OpenAI today announced an improved version of its most capable AI model to date — one that takes even more time to consider questions — just a day after Google announced its first model of the type.
The new OpenAI model, called o3, replaces o1, which the company introduced in September. Like o1, the new model spends time thinking about the problem so that it can provide better answers to questions that require step-by-step logical reasoning. (OpenAI decided to skip the “o2” moniker as it is already the name of a UK mobile operator.)
“We see this as the beginning of the next phase of AI,” OpenAI CEO Sam Altman said in a livestream on Friday. “Where you can use these models to do increasingly complex tasks that require a lot of reasoning.”
OpenAI says the o3 model scores much higher than its predecessor on several measures, including those that measure complex coding-related skills and advanced math and science abilities. It is three times better than o1 in answering questions posed by ARC-AGI, a benchmark designed to test the ability of artificial intelligence models to reason about extremely difficult mathematical and logical problems they encounter for the first time.
Google is doing a similar line of research. Google researcher Noam Shazeer revealed in a post on X yesterday that the company has developed its own thinking model called Gemini 2.0 Flash Thinking. In a post, Google CEO Sundar Pichai called it “the most thoughtful model yet.” Google’s new model scored high in the SWE-Bench test, which measures the agent capabilities of models.

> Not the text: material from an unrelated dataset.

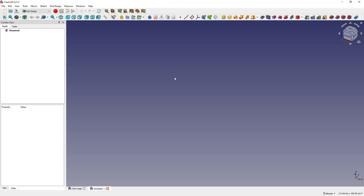This is CADCAM Lessons channel and in this video I'll show you how to center a sketch in FreeCAD. We will start by creating a new sketch.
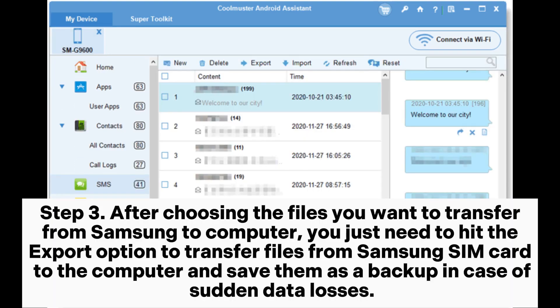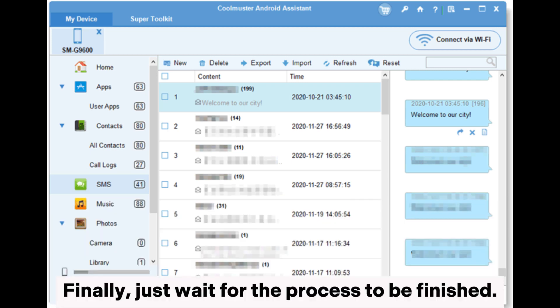Step 3. After choosing the files you want to transfer from Samsung to computer, you just need to hit the export option to transfer files from Samsung SIM card to the computer and save them as a backup in case of sudden data losses.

However, OpenAI’s new o3 model is 20 percent better than o1. “o3 blew it out of the water,” says Ofir Press, a postdoctoral researcher at Princeton University who helped develop SWE-Bench. “Very surprising increase, not sure how they did it.
These two dueling models show that the competition between OpenAI and Google is fiercer than ever. It is crucial for OpenAI to demonstrate that it can continuously make progress in order to attract more investment and build a profitable business. Google, meanwhile, is desperate to show it remains at the forefront of AI research.
The new models also show how AI companies are increasingly looking beyond simply scaling AI models to squeeze more intelligence out of them.